Kommunalwahl 2020
In Augsburg sind nun die Grünen gefragt
Augsburg hat gewählt wie 2002 – Ein Regenbogen schimmert über der Stadt
Kommentar von Siegfried Zagler
Es ist gewählt. Die Wahllokale sind geschlossen. Die Wählerstimmen, die keine Liste gewählt haben, werden aktuell noch ausgezählt. Das offizielle Ergebnis steht noch nicht fest, aber es ist davon auszugehen, dass sich nicht mehr viel am Gesamtbild ändern wird.

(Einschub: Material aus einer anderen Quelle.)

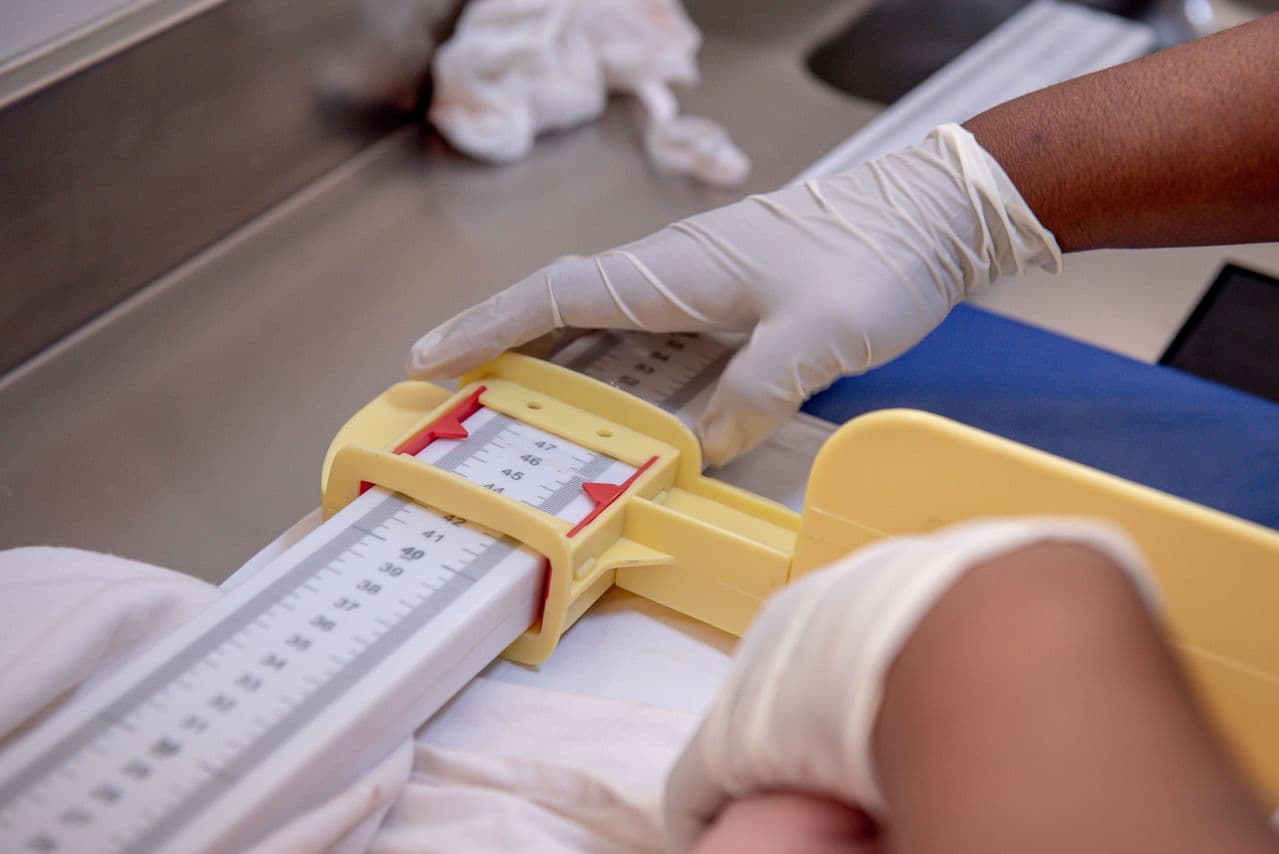 Newborn being weighed on a hospital baby scale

Die CSU wird wohl noch einen oder zwei Sitze verlieren (von aktuell 22), die Grünen vielleicht noch einen dazu gewinnen, bei den Kleinen könnte noch etwas Entscheidendes passieren. Im Lauf des Tages oder möglicherweise erst am Dienstag sollte das endgültige Wahlergebnis feststehen.

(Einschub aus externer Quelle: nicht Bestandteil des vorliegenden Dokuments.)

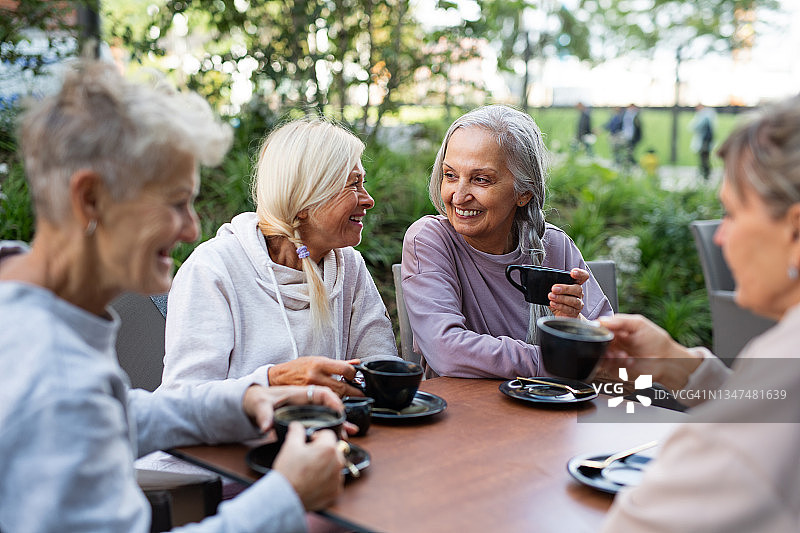 在café，一群快乐的老年妇女在户外运动后坐着聊天。图片素材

Dann muss noch die Stichwahl abgewartet werden. Danach wird hinter verschlossenen Türen ausgehandelt, wer koaliert, wer Bürgermeister wird und wer ein Referat erhält. Festzuhalten ist zum gegenwärtigen Zeitpunkt Folgendes:
Die Mehrheitsverhältnisse des Stadtrats 2020 ähneln denjenigen von 2002, als eine Rot-Grüne Stadtregierung zustande kam. Damals wurde eine CSU mit 43 Prozent und 25 Sitzen in die Opposition geschickt. Damals waren versierte Parteistrategen wie Hermann Knipfer und Karl-Heinz Schneider am Regenbogen-Werk beteiligt.
Zählt man heute die Stimmenanteile von Grün-Rot zusammen, liegen sie (wie 2002) knapp über dem CSU-Ergebnis. Sollten die Grünen Dirk Wurm bei der kommenden OB-Wahl unterstützen und sich Wurm (SPD) gegen Weber (CSU) bei der OB-Stichwahl durchsetzen, dann sollten die Grünen und die SPD einen Wählerauftrag zur Bildung einer Stadtregierung erkennen. Dass Eva Weber die Stichwahl gegen Dirk Wurm verliert, ist vorstellbar.
Dass die Grünen sich von der CSU und Eva Weber distanzieren ist dagegen kaum vorstellbar. Zu unsicher ist Wurms Stichwahlsieg, zu sicher sind die Posten, die den Spitzenkräften (Wild und Erben) in Aussicht stehen, falls sie sich bei der Stichwahl für Eva Weber aussprechen.
Hätten die Grünen den Willen zur Macht, also den Willen ihre politischen Inhalte schnellstmöglich durchzusetzen, also Augsburg zu einer klimaneutralen Fahrradstadt zu machen, dann sollten sie die Programme der ÖDP, der Linken, der Freien Wähler, von AIB und der V-Partei studieren. Nimmt man die SPD noch dazu, dann gilt die Feststellung, dass Augsburg bis zum Anschlag Grün gewählt hat – und es dafür wohl auch ein knappes Mehrheitsbild im Stadtrat gibt.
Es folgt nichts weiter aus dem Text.